-------- PROVIDED MATERIAL

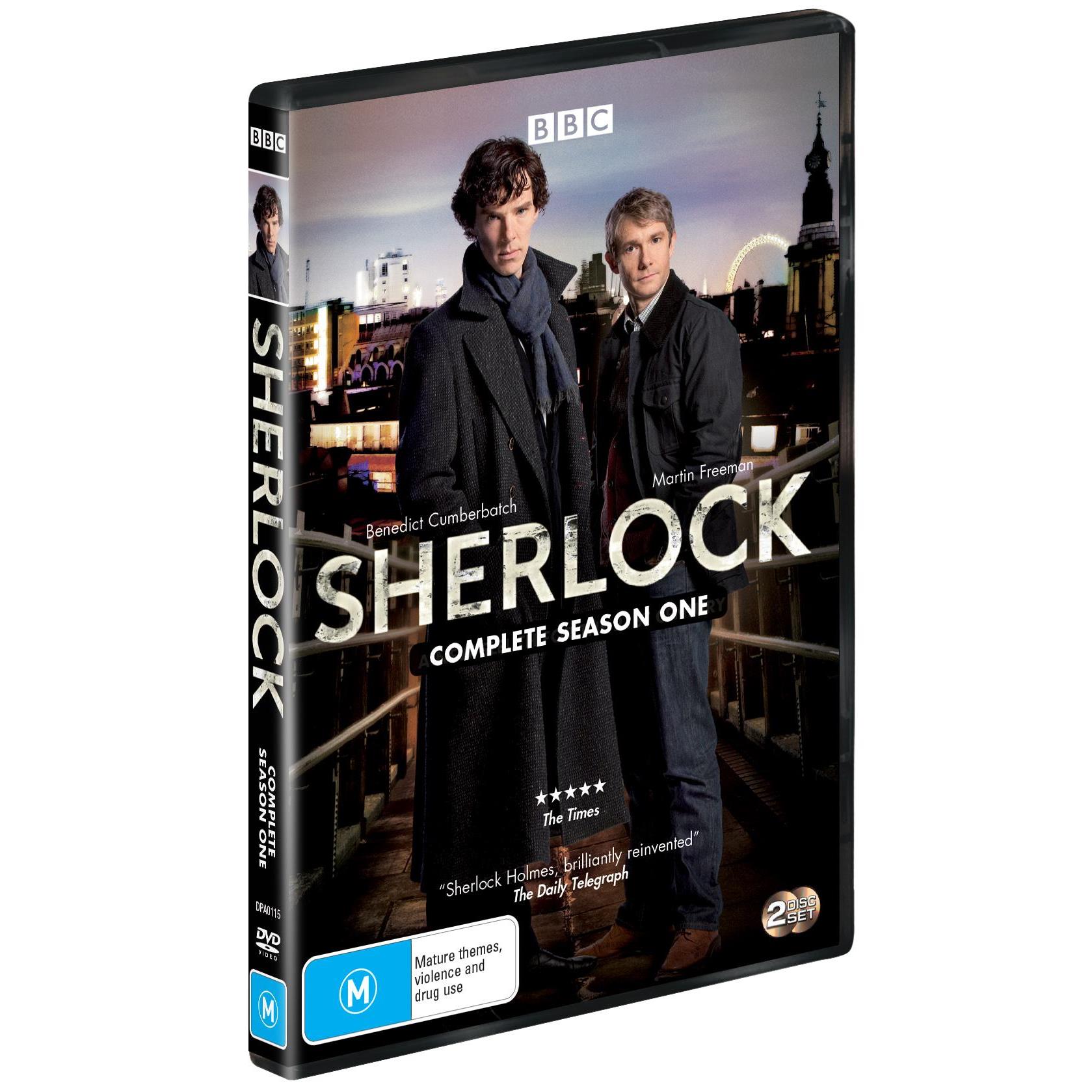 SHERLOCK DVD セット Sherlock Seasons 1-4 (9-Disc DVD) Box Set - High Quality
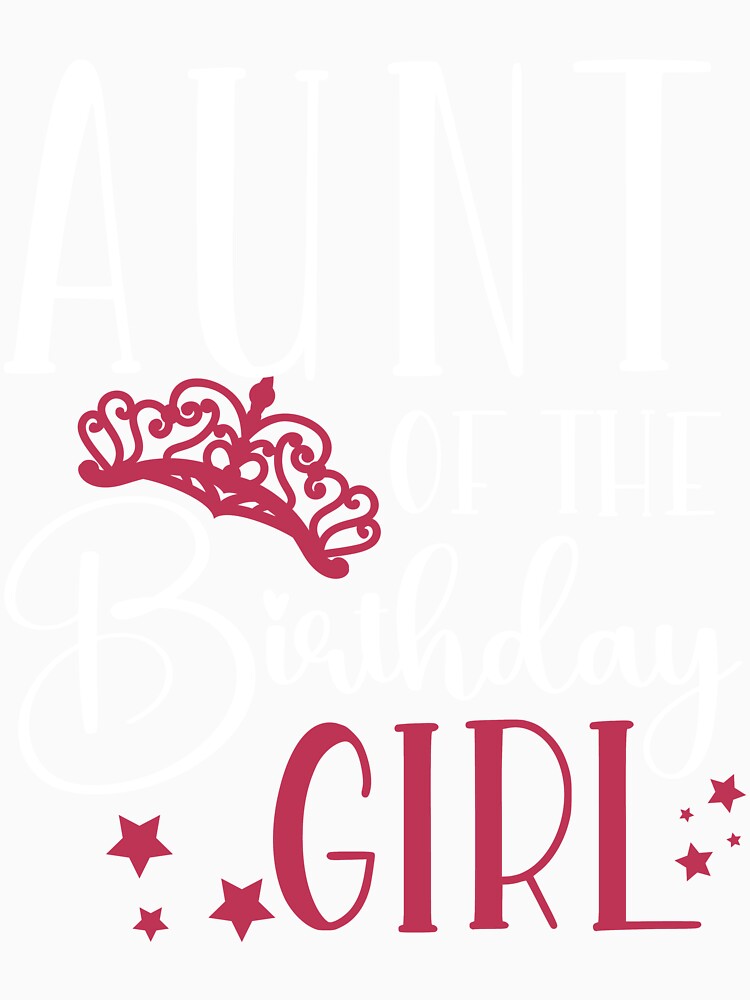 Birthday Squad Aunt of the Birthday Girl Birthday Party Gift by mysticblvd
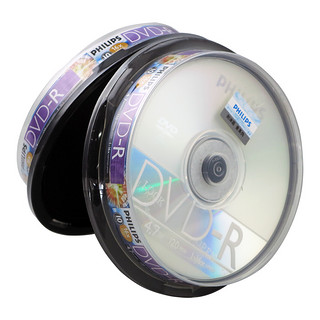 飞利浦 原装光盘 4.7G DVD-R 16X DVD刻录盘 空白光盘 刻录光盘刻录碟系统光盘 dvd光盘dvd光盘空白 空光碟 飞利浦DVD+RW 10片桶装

----------------

> [WHAT IS NEEDED]: Without any pictures, transcribe the listing above exactly as written.

> [RESULT BELOW]:
 SHERLOCK DVD セット Sherlock Seasons 1-4 (9-Disc DVD) Box Set - High Quality
 Birthday Squad Aunt of the Birthday Girl Birthday Party Gift by mysticblvd
 飞利浦 原装光盘 4.7G DVD-R 16X DVD刻录盘 空白光盘 刻录光盘刻录碟系统光盘 dvd光盘dvd光盘空白 空光碟 飞利浦DVD+RW 10片桶装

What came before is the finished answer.